Jordan: What an interesting – and loaded – question. I think the White Sox do a lot of very good things. I think the fan experience at the ballpark is great, and though it makes me a #HahnBot, I have generally favorable opinions of the GM, Rick Hahn. While the team felt stuck in the past analytically for quite some time, recent moves have made it clear the White Sox are working to catch up to the industry – this is both a positive and a negative (why the heck did it take so long?). Though the rebuilding years were tough, the White Sox have delivered a competitive team in the timeframe promised – though I will also get into this further shortly. It’s a legitimately fun team too – it’s an exciting time to be a White Sox fan.
That being said, where this team falters in my mind is in two main places: willingness to make “the move” to put a team over the top, and communication. The White Sox, for being in a big market like Chicago, have never shown a propensity to spend money, while simultaneously claiming that “the money will be spent.” When the White Sox had the opportunity to metaphorically “step on the throat” of the AL this year and assert their dominance in free agency, they walked away with a generally underwhelming, though passable, offseason. It’s fine, but when you say, “the money will be spent,” you’re making pretty big promises. It is this dichotomy between what is said and what is done that drives most White Sox fans – including myself – absolutely nuts. At least the Rays never pretend they’ll spend like the Yankees. Additionally, incidents like Chris Sale cutting up jerseys, the Adam/Drake LaRoche Saga, and the Manny Machado signing aftermath are frustrating moments where communication clearly got in the way of the organization. Much like with the La Russa hiring, it’s difficult to tell where the power lies in the organization, because it seems to shift depending on what the topic at hand is. Because of that power shift, what’s said one day might have to be walked back weeks later.

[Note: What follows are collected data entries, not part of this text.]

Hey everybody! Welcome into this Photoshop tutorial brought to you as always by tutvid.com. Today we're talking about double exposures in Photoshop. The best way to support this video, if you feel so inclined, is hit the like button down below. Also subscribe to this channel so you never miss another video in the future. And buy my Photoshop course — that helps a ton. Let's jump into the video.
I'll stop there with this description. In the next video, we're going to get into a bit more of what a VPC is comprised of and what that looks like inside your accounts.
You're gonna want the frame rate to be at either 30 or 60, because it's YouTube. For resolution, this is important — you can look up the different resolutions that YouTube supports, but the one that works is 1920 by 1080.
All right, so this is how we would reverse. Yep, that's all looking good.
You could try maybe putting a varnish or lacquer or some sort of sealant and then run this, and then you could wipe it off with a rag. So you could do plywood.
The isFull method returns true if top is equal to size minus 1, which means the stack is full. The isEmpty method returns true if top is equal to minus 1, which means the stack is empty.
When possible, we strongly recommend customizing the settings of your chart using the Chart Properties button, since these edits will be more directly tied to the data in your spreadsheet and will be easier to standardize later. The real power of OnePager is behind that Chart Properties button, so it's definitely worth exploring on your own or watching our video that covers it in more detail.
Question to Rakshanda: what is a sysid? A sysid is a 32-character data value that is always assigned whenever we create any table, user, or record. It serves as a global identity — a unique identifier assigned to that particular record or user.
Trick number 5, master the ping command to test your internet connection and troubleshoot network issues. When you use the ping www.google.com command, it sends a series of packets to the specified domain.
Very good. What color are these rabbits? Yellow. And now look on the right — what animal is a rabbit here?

Overall, I give this organization a passing grade. I wouldn’t be surprised if some other Sox writers on this article gave less favorable opinions – certainly I can understand. The things that drive both most White Sox fans and myself nuts are here to stay, and they’ve been here for years. Perhaps it’s wrong of me to just accept those facts and move on – perhaps this is exactly what the organization wants me to do anyway. I always try to analyze this team knowing the constraints put on it. Because of this, and because of the product on the field this year, I can give this organization a passing grade. I’m choosing the Pass/Fail option intentionally, however, because I’m not sure what letter grade I would give it – and it would probably head lower down the list. Seriously, what a fascinating question.

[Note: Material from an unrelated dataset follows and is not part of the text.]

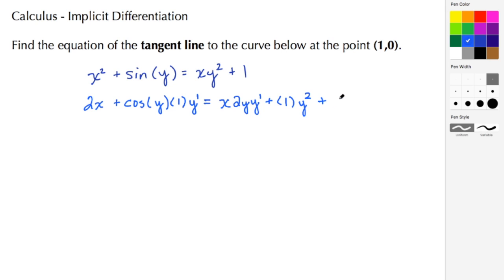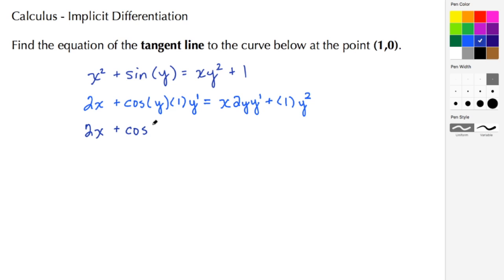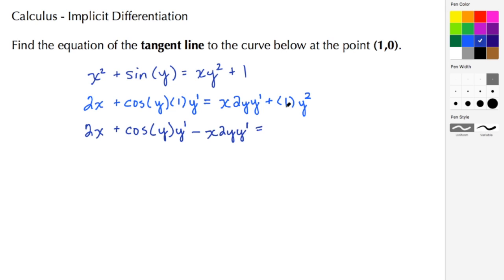Now we collect the y prime terms and move the other terms to the opposite side. We have 2x plus cosine(y) times y prime, and we subtract the x·2y·y prime term from the right-hand side, giving us negative x·2y·y prime equal to y squared.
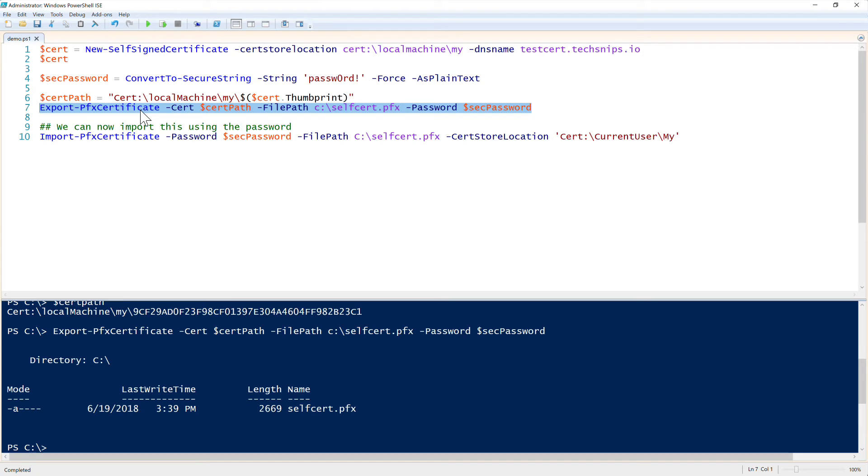However, we can also then import it back, maybe you want to bring this from one machine to the other. And this is a good way that you can do that. To do that, we can import it back if we want by using the Import-PfxCertificate command.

Samiya: I would give the Chicago White Sox a B because of the Lance Lynn and Liam Hendriks signings. I’m also thinking about the farm system here. Andrew Vaughn is one to watch and the White Sox still have the same All-Star batting order that refuses to give up easily at the plate. I would be more inclined to give them an A- but the La Russa hiring did not seem like the best move to me. I’ve also would have appreciated one more pitcher for a great price like Taijuan Walker or a hitter with speed and power like Kike Hernandez.